Each line of the records below that holds "would" should be copied out.

Collected data
┄┄┄┄┄┄
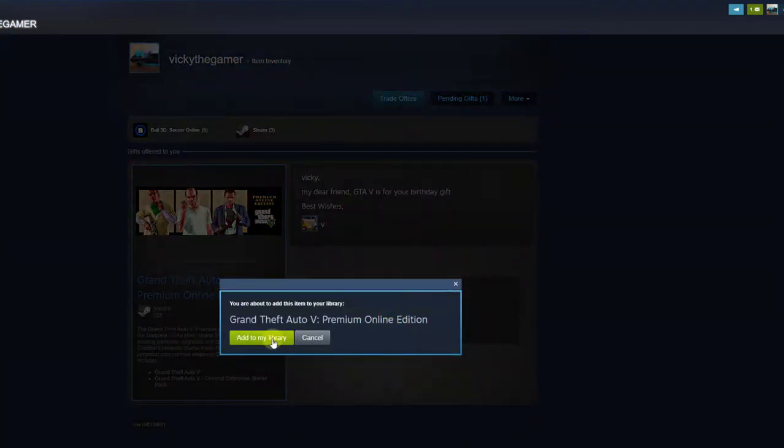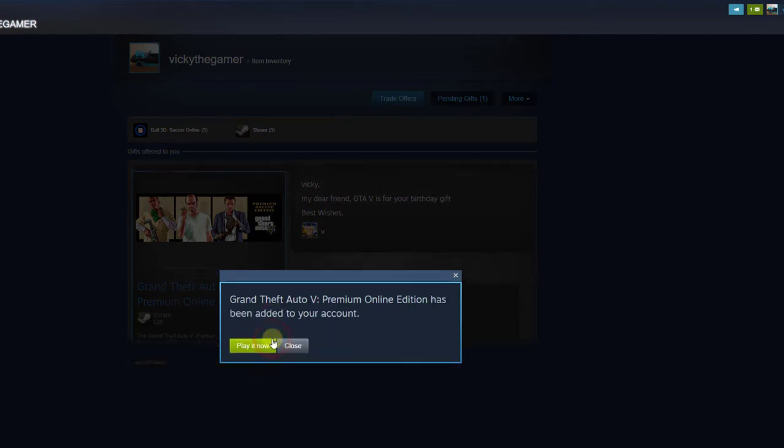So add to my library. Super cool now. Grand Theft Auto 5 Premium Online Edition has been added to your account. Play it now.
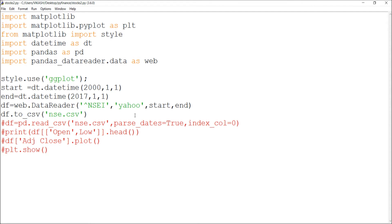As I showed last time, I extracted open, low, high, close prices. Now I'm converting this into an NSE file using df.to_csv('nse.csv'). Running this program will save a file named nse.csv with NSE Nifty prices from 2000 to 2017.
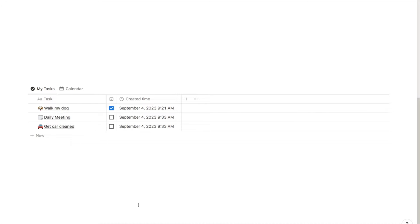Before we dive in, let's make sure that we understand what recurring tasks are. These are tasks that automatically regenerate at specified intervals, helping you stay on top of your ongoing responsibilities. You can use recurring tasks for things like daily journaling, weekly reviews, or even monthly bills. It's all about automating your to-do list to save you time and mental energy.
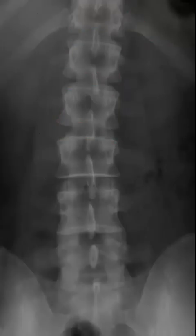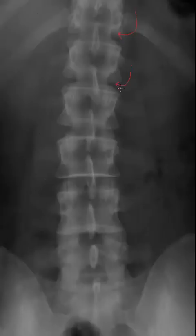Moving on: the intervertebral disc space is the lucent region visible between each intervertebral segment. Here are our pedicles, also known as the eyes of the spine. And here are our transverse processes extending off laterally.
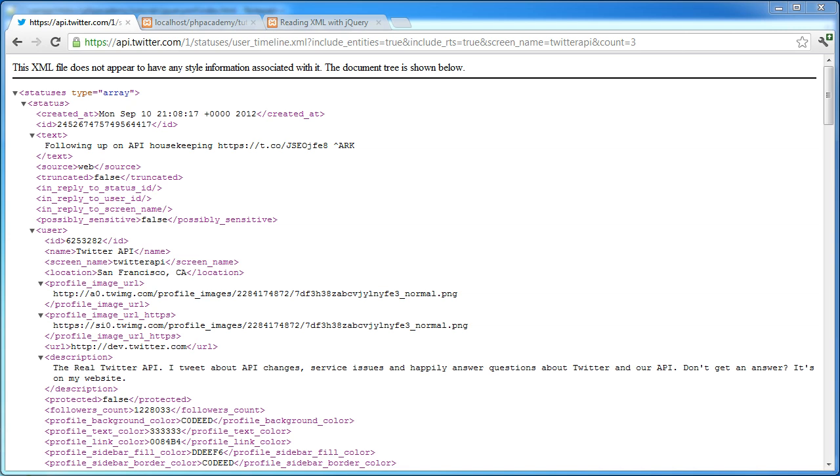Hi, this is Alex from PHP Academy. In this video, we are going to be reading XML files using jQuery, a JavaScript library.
┄┄┄┄┄┄
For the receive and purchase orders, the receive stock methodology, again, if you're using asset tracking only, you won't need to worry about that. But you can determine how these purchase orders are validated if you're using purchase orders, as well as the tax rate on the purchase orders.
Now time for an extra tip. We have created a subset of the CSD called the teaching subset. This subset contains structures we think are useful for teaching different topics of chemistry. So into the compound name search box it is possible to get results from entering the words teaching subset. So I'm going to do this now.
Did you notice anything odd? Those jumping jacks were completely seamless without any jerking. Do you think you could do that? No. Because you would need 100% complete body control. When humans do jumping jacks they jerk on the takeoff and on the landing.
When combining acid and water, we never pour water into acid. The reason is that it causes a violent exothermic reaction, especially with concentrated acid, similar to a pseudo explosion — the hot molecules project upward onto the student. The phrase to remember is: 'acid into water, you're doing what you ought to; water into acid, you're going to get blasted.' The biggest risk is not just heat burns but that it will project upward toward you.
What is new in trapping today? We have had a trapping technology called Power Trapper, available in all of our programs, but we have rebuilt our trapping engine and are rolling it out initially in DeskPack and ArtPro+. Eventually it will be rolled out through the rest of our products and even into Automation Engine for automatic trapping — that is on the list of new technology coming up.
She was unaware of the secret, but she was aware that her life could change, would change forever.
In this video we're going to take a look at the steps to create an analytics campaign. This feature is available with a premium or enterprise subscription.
┄┄┄┄┄┄
→ Completed task
Did you notice anything odd? Those jumping jacks were completely seamless without any jerking. Do you think you could do that? No. Because you would need 100% complete body control. When humans do jumping jacks they jerk on the takeoff and on the landing.
She was unaware of the secret, but she was aware that her life could change, would change forever.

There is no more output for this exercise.